TASK PROMPT = Only the lines from the top of the data through the line containing "Longines has been" should be duplicated, exactly as they appear.

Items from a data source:

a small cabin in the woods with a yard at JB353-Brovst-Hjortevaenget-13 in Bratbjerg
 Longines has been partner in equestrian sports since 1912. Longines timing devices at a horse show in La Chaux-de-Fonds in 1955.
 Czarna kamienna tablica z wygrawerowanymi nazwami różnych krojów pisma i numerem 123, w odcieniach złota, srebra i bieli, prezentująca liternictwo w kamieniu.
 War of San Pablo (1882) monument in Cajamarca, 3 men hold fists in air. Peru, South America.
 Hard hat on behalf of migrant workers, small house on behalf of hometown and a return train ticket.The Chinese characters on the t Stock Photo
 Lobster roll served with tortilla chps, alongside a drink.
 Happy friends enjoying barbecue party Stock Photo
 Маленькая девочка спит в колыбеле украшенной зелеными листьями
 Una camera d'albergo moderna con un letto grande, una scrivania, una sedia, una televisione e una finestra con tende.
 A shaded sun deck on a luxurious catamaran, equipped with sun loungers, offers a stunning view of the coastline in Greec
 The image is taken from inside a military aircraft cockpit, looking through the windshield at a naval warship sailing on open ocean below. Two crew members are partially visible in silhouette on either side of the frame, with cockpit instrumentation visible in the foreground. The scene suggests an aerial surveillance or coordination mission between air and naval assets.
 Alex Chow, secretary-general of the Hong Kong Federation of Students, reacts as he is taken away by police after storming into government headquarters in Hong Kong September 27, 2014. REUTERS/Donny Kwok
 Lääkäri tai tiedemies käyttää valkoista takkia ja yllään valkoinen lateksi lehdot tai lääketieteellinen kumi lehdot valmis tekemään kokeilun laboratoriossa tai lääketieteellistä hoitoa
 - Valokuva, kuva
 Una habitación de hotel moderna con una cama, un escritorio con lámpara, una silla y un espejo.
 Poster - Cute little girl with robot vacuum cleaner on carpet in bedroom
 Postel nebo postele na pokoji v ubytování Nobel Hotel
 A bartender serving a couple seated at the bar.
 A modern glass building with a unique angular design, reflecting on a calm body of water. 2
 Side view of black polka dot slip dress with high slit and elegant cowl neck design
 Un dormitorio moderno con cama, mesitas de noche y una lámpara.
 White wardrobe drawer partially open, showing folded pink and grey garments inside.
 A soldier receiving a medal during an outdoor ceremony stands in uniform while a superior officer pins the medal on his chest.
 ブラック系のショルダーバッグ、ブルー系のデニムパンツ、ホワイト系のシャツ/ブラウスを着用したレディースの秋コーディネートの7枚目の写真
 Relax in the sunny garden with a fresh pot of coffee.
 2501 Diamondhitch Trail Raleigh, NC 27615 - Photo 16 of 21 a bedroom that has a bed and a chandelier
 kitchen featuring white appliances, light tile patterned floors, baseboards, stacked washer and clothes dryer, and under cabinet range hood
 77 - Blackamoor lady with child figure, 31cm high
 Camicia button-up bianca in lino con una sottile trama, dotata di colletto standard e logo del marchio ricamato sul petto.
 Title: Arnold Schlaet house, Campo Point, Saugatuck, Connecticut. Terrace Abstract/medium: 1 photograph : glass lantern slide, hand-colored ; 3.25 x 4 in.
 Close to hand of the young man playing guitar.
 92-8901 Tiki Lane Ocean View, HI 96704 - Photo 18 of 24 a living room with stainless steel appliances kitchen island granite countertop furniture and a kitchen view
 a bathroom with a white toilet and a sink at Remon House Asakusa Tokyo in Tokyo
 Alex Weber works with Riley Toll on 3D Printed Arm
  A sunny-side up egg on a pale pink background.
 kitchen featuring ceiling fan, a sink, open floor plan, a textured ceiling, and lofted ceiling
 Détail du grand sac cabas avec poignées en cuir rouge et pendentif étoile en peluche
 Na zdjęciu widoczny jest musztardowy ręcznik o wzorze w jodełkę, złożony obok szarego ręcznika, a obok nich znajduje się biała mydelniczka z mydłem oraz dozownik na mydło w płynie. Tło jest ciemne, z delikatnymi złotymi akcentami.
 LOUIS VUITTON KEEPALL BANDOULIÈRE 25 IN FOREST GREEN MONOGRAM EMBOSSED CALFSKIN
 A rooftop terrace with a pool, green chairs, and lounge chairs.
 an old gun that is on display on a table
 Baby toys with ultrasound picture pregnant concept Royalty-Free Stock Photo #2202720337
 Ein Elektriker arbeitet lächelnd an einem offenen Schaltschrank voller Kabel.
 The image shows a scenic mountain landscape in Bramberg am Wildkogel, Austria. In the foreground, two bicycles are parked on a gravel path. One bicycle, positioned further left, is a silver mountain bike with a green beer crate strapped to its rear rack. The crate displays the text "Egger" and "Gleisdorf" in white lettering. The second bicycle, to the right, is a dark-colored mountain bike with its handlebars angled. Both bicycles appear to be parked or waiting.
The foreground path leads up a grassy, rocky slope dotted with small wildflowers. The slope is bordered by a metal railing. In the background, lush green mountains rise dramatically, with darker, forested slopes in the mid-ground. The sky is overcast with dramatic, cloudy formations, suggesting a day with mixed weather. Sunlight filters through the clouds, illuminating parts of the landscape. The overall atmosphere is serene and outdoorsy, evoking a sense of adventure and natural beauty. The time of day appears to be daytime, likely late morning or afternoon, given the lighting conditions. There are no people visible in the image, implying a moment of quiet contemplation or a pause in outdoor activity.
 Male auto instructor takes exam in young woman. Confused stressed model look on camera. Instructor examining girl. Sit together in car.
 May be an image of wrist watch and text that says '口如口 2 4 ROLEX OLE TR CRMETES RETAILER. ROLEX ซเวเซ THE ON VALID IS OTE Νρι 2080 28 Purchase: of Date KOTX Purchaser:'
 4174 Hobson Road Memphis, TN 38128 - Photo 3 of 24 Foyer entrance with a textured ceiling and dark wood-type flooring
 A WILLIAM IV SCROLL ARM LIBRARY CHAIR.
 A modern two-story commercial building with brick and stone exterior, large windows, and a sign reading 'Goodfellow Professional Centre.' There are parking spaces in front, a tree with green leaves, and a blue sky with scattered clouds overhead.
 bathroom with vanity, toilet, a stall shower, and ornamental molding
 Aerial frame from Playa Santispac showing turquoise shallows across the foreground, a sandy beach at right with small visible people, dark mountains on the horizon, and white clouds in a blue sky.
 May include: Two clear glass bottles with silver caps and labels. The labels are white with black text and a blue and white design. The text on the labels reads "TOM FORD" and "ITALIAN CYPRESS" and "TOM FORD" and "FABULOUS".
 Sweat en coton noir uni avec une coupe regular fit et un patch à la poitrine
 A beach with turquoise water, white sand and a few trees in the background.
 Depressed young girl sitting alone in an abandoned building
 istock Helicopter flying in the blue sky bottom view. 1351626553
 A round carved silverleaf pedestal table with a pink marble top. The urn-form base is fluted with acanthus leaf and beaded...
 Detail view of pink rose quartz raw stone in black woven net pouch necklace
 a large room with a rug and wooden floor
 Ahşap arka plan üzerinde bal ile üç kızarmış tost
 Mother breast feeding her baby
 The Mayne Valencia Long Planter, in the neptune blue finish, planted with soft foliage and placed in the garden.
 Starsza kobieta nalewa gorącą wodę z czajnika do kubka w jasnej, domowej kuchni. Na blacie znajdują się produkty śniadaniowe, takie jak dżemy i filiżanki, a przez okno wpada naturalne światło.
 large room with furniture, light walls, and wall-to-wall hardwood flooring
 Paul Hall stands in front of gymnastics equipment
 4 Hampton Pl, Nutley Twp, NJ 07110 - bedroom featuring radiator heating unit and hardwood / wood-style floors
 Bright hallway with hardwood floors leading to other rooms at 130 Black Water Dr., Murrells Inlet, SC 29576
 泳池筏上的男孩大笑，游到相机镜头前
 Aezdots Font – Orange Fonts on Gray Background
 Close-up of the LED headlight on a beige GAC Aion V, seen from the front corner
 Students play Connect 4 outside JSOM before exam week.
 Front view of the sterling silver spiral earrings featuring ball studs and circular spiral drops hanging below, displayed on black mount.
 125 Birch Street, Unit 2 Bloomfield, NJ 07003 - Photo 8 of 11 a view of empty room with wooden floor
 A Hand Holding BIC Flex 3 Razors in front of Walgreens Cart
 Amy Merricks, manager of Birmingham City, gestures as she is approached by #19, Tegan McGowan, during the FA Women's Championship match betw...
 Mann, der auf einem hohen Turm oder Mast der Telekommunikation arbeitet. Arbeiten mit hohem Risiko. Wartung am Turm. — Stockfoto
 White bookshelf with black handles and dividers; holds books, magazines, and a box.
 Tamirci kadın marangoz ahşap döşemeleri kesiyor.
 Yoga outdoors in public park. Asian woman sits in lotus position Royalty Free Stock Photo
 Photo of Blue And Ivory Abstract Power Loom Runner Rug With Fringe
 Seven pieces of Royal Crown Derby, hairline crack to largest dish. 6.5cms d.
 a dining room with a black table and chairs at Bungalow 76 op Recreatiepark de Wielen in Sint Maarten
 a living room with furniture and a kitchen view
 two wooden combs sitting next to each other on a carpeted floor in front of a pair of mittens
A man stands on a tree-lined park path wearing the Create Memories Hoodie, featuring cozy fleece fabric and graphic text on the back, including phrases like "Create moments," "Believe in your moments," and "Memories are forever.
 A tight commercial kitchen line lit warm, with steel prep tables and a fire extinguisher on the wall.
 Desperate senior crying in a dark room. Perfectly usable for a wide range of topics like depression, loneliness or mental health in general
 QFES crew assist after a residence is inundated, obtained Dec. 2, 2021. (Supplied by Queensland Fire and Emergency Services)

EXERCISE OUTPUT =
a small cabin in the woods with a yard at JB353-Brovst-Hjortevaenget-13 in Bratbjerg
 Longines has been partner in equestrian sports since 1912. Longines timing devices at a horse show in La Chaux-de-Fonds in 1955.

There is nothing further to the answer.